What Is Pressure Treated Lumber in Seattle?

When it comes to your home, there is a good chance you care about the way it looks and how it holds up. That means outdoor projects like decks or outbuildings have to look decent and function well for many years. This predicament drives many homeowners to consider pressure treated wood for home additions like decks and awnings. But what is pressure treated wood, and where should it be used? In the past, pressure treated wood projects contained arsenic, which raised concerns when it was used in vegetable gardens and playgrounds.
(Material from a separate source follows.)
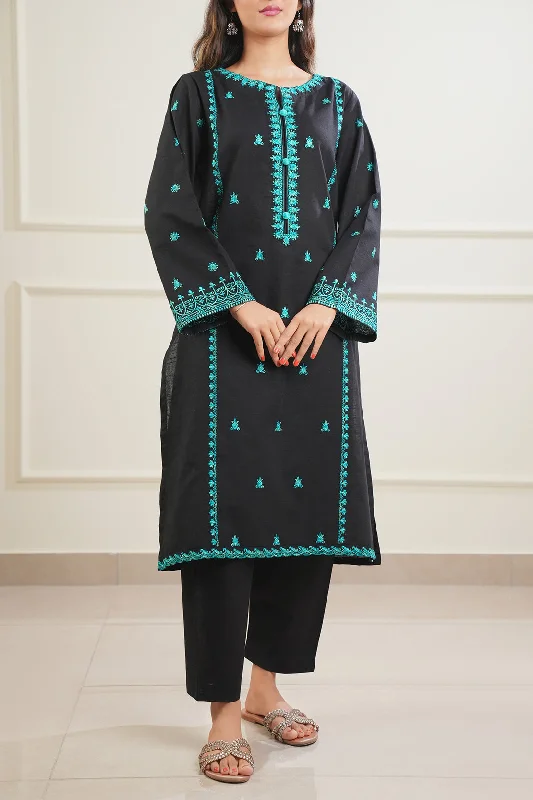 Solid + Embroidered Khaddar Stitched 2 Piece (Shirt/Trouser)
Today, there are other options on the market, but you should still consider the implications of the wood you use.

Let’s take a look at some of the questions you may have about pressure treated lumber in Seattle.

What is pressure treated wood?

Wood, as you know, is an organic material, and like all organic material is prone to weathering and decay. But the idea behind pressure treated wood is to dramatically slow the decay process by forcing chemicals into the wood.

As we mentioned, the old way of treating the wood required the use of chromated copper arsenate (CCA), or arsenic. But today, through new methods, like the use of micronized copper quaternary, many of these treated materials can now be used safely as garden beds, playground equipment and more. Even though some people will argue that modern treating methods are safe for food gardens, some experts suggest waiting until pressure treated material’s safety is proven solid.

How long does pressure treated wood last?

Pressure treated lumber in Seattle puts untreated lumber to shame. Where untreated decking can last around 15 years, pressure treated woods can stay in service for as long as 30 to 40 years, according to some sources. When it comes to buried pillars or retaining walls, there is no better option than pressure treated building materials. Even with regular exposure to rain, snow and other elements, pressure treated wood can go decades without rotting.

Are there any disadvantages to pressure treated wood?

Unlike woods such as cedar or redwood, pressure treated wood can be less attractive to some people. Consider it the more “utilitarian” of wood species. Outside of that, it can be sealed and painted to improve its aesthetic appeal.

That being said, it takes substantially longer for this type of wood to dry. If painted before the wood is completely dry, the paint will peel as moisture forces its way to the surface. On average, it can take weeks, and as much as a month, for the wood to completely dry. Because of the chemical process used to treat the wood, it can be toxic when burned (whether intentionally or not) and can release harmful toxins into the air. When working with or cutting this kind of wood, wear a safety, air-filtering or dust mask to ensure you don’t inhale harmful materials.